■ To do
Beginning with the line that contains "Camping Bed 180x60x19" and ending with the line that contains "Simonton Says Multicolor", reproduce the lines of the entries below exactly, omitting pictures.

■ Supplied records
◆ ◆ ◆ ◆ ◆ ◆ ◆

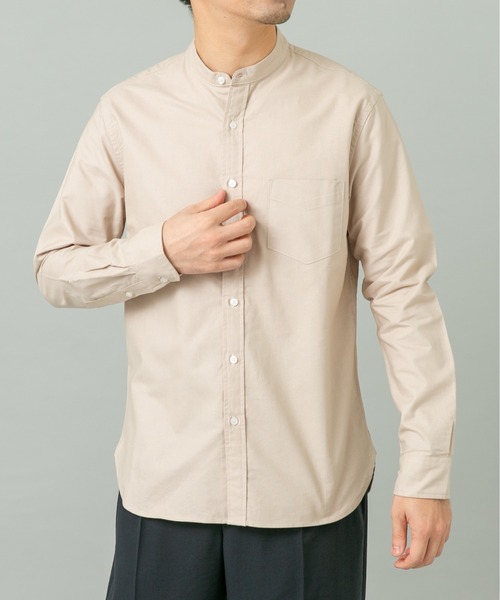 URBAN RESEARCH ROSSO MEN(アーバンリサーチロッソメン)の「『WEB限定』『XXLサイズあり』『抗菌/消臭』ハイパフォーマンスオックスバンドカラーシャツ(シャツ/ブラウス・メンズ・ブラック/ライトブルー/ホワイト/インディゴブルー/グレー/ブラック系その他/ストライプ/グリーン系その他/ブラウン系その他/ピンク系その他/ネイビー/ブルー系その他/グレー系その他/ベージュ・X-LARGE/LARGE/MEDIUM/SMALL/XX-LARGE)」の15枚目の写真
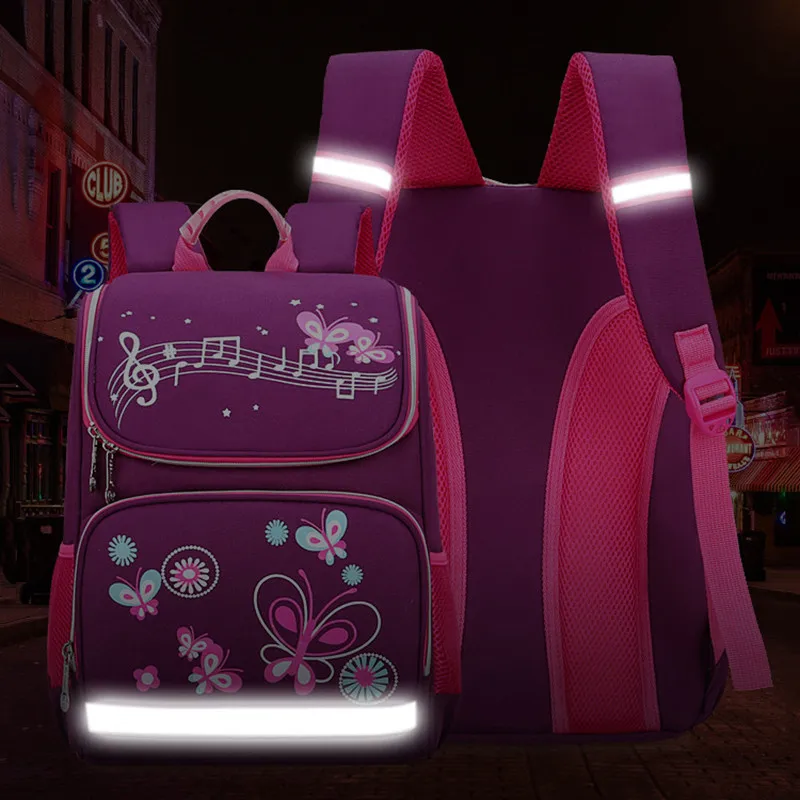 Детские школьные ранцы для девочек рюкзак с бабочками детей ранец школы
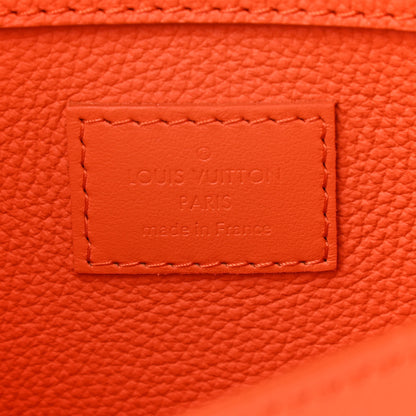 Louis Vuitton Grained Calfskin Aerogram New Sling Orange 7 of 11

◆ ◆ ◆ ◆ ◆ ◆ ◆

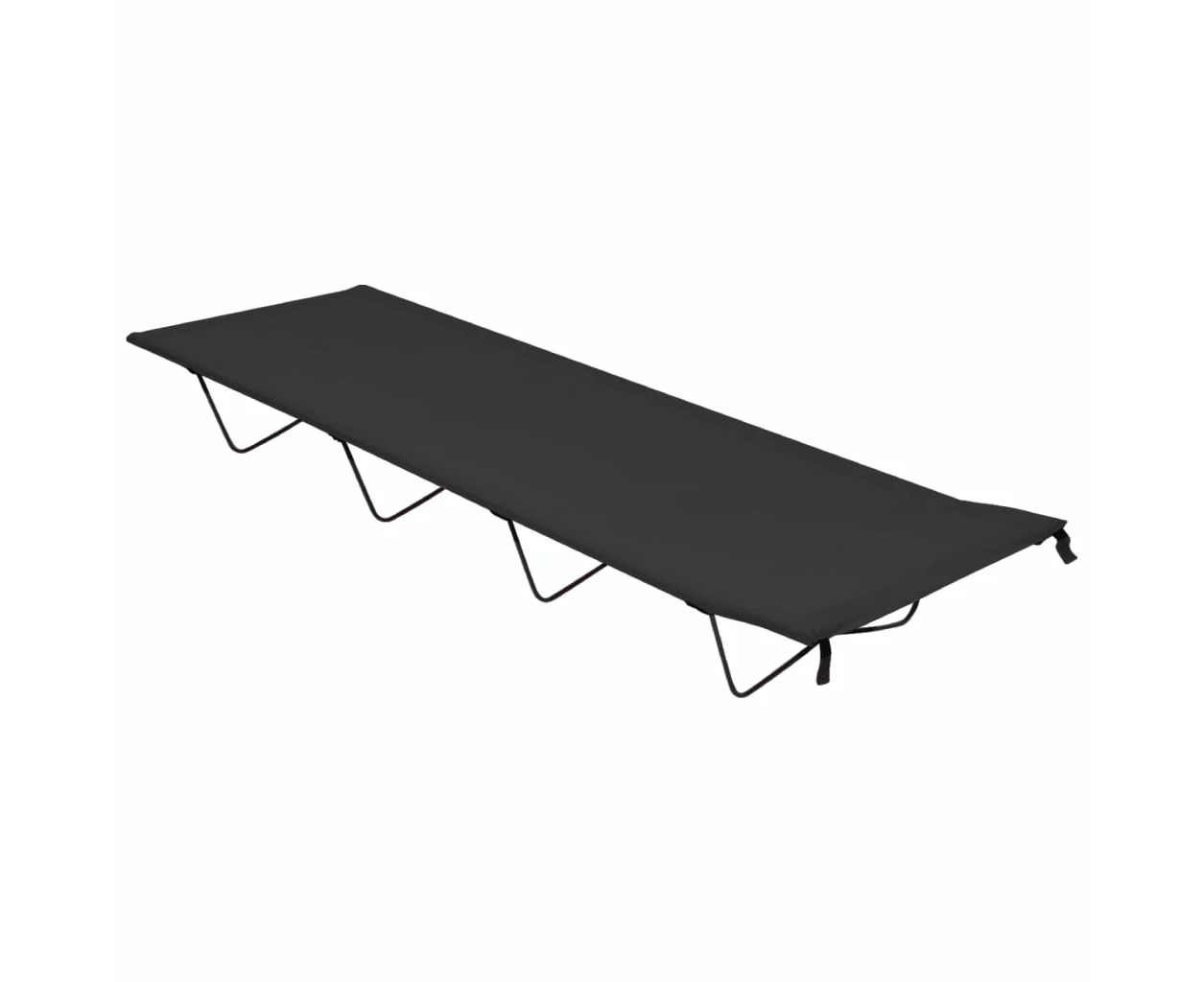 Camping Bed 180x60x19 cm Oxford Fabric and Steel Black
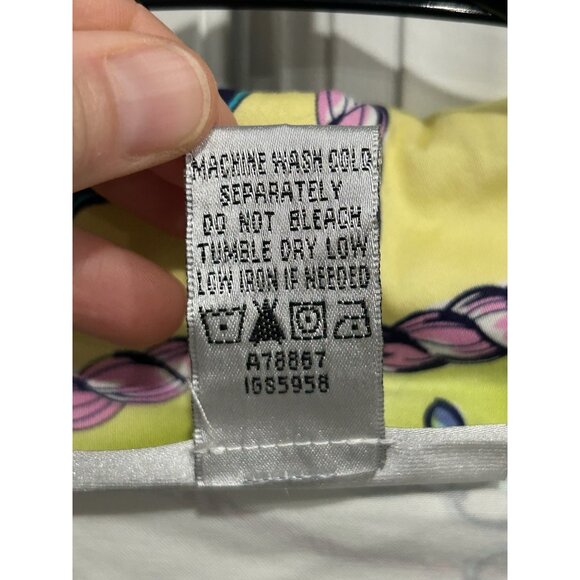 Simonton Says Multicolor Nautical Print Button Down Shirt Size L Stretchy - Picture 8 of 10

◆ ◆ ◆ ◆ ◆ ◆ ◆

■ Response for this exercise
 Camping Bed 180x60x19 cm Oxford Fabric and Steel Black
 Simonton Says Multicolor Nautical Print Button Down Shirt Size L Stretchy - Picture 8 of 10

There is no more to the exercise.